• EXERCISE DESCRIPTION:
Please retype the records below exactly, from the first line through the line containing "Lot 242 - Edward", and leave out any pictures.

• DATA SUPPLIED:

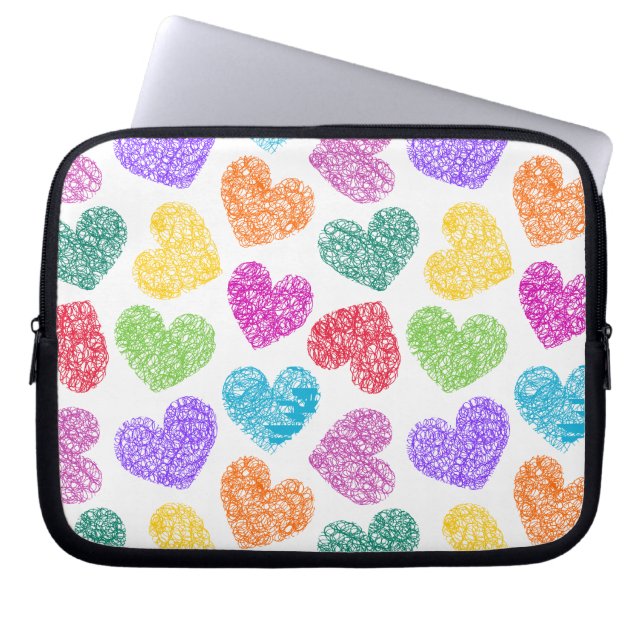 Modern Vibrant Rainbow Doodle Hearts Cute Pattern Laptop Sleeve (Front)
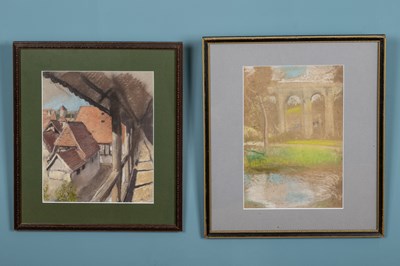 Lot 242 - Edward Woore (1880-1960), 'The Viaduct' and 'Rothenburg ob der Tauber'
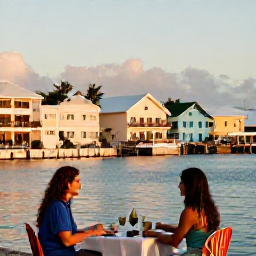 Caribbean Holidays, Bermuda Adventure Holidays, Relaxed Bermuda evening with a couple dining beside the harbour, pastel buildings, calm sea and warm sunset light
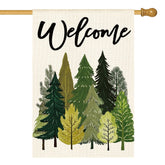 AVOIN colorlife Spring Trees flag front view enhances curb appeal outdoors
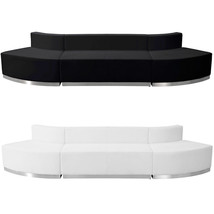 Black White Leather* Curved 3 Pc Reception Sectional Hotel Conference Rm... - £1,611.99 GBP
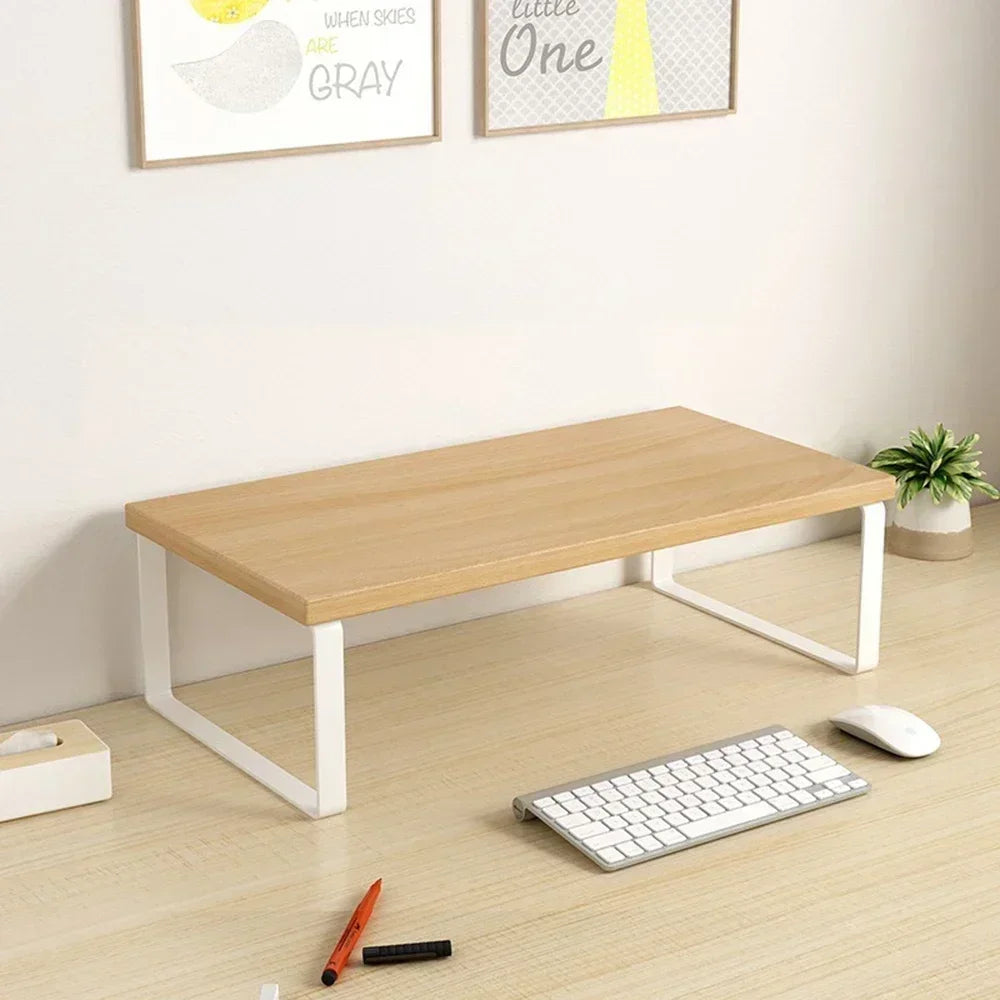 Soporte Elevado para Monitor – Estantería de Escritorio de Madera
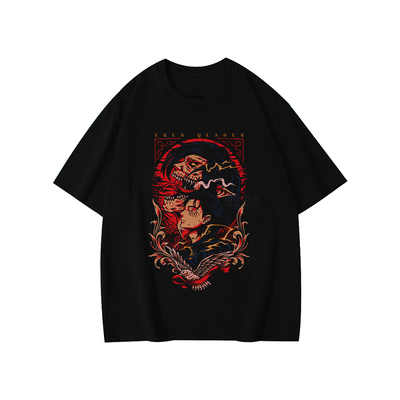 动漫进击的巨人Shingeki no Kyojin复古纯棉男童短袖T恤男上衣ins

• ANSWER TO THIS PROBLEM:
 Modern Vibrant Rainbow Doodle Hearts Cute Pattern Laptop Sleeve (Front)
 Lot 242 - Edward Woore (1880-1960), 'The Viaduct' and 'Rothenburg ob der Tauber'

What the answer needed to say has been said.